August 30, 2015

NES30 #19: Dr Mario

In 2015, Nintendo's hugely successful Nintendo Entertainment System (NES) turns 30 years old. The NES, an adaptation of Nintendo's already successful Famicom console, re-invigorated console gaming internationally after the collapse of Atari and went on to sell 43 million units worldwide. NES30 celebrates this anniversary by counting down my favourite 30 games for the system.

Dr Mario exists because Tetris exists. So successful was Alexei Pajitnov's addictive falling block puzzle game that by 1990 pretty much every owner of a Nintendo console also owned a copy of it. With a huge number of gamers playing Tetris, Nintendo were understandably keen for them to buy another game. So intent were they on making their own puzzle game a smash hit they branded it with their flagship game franchise, Super Mario Bros. They assigned one of their top designers, Gunpei Yokoi, to oversee its development. The resulting game, Dr Mario, is not as good as Tetris - what puzzle game is? - but it is a wonderfully enjoyable puzzle game nonetheless.
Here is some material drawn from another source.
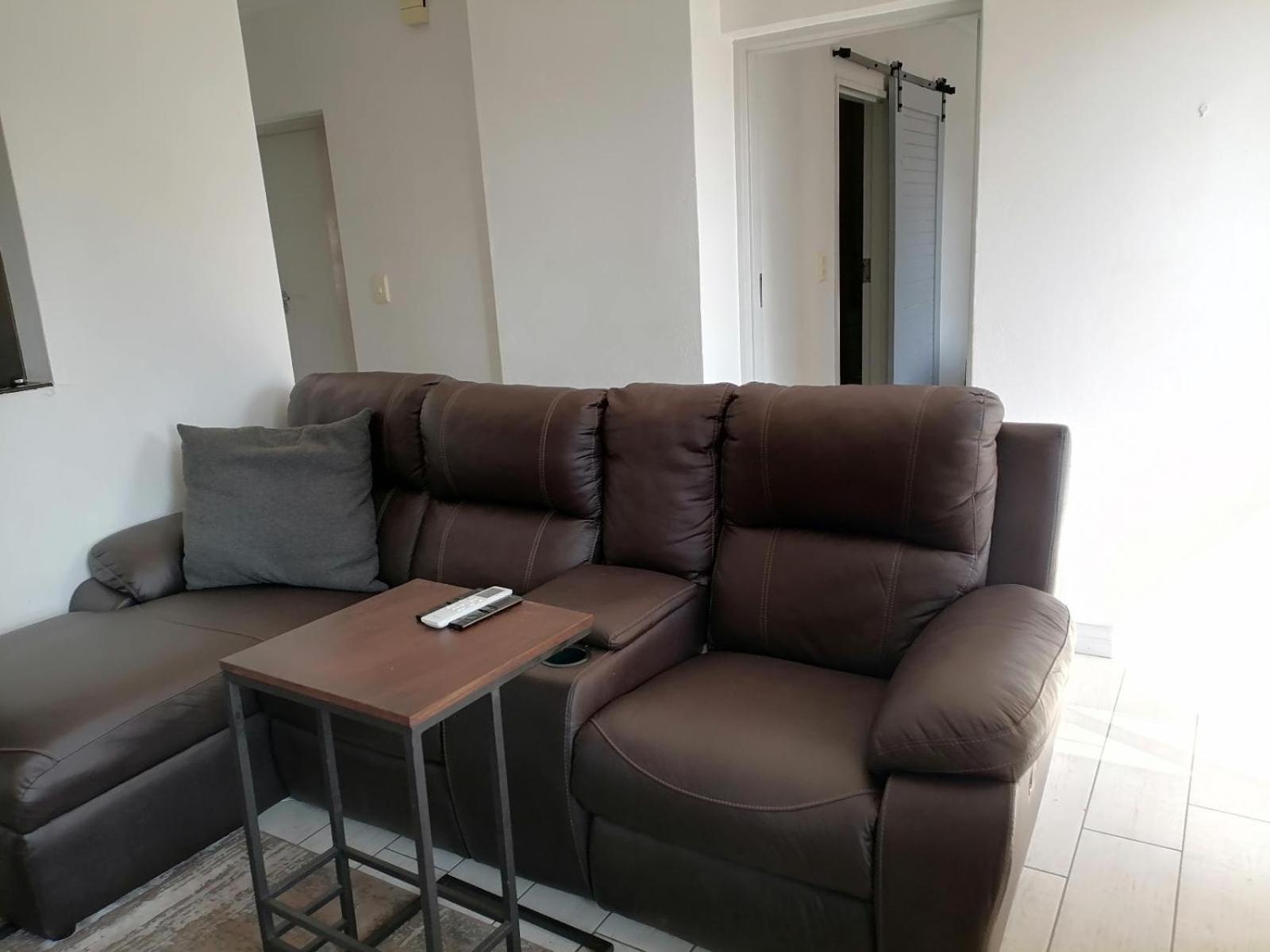Emabheleni Executive Suites Westpoint Johannesburg Room photo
It's worth pausing to fully appreciate Gunpei Yokoi. He was one of Nintendo's key designers. He created Nintendo's hugely successful Game & Watch range of LCD videogames. He produced early NES/Famicom hits including Kid Icarus and Metroid. His most successful creation, however, was the Nintendo Game Boy. Released in 1989 it ultimately sold close to 119 million units worldwide. Yokoi's final contribution to Nintendo was the abortive Virtual Boy. This hugely unsuccessful console, which used a dedicated headset and primitive stereoscopic visuals, was pushed into release before Yokoi had finished developing it. He retired from the company shortly afterwards, before being tempted back into the industry by Bandai to develop their rival handheld, the Wonder Swan.

Yokoi died in a horrific car accident in 1997 - he was in a minor car accident on a highway, stepped out to inspect the damage and was unexpectedly hit by two other cars driving past - but he left behind a remarkable legacy for Nintendo. He described his philosophy as 'lateral thinking with withered technology': in essence, taking older and cheaper technology and exploiting it in fresh and unexpected ways to create innovative yet inexpensive games and consoles. It is Yokoi's philosophy that drove the hugely successful Nintendo Wii, which had much less sophisticated graphics than its Microsoft and Sony competitors, but used an innovative motion control system to attract a mainstream audience.

His philosophy drives Dr Mario as well. It is not a particularly original game, but it re-arranges elements of pre-existing puzzle games into a fresh and enjoyable form. It has a smooth learning curve and great replay value. It hits pretty much all three beats required for a strong puzzle game: firstly, it's addictive, secondly, it's easy to learn, and finally, it's difficult to master. It's continued to be re-released on pretty much every console Nintendo has produced since 1990. I suspect it will continue to crop up in years to come as well.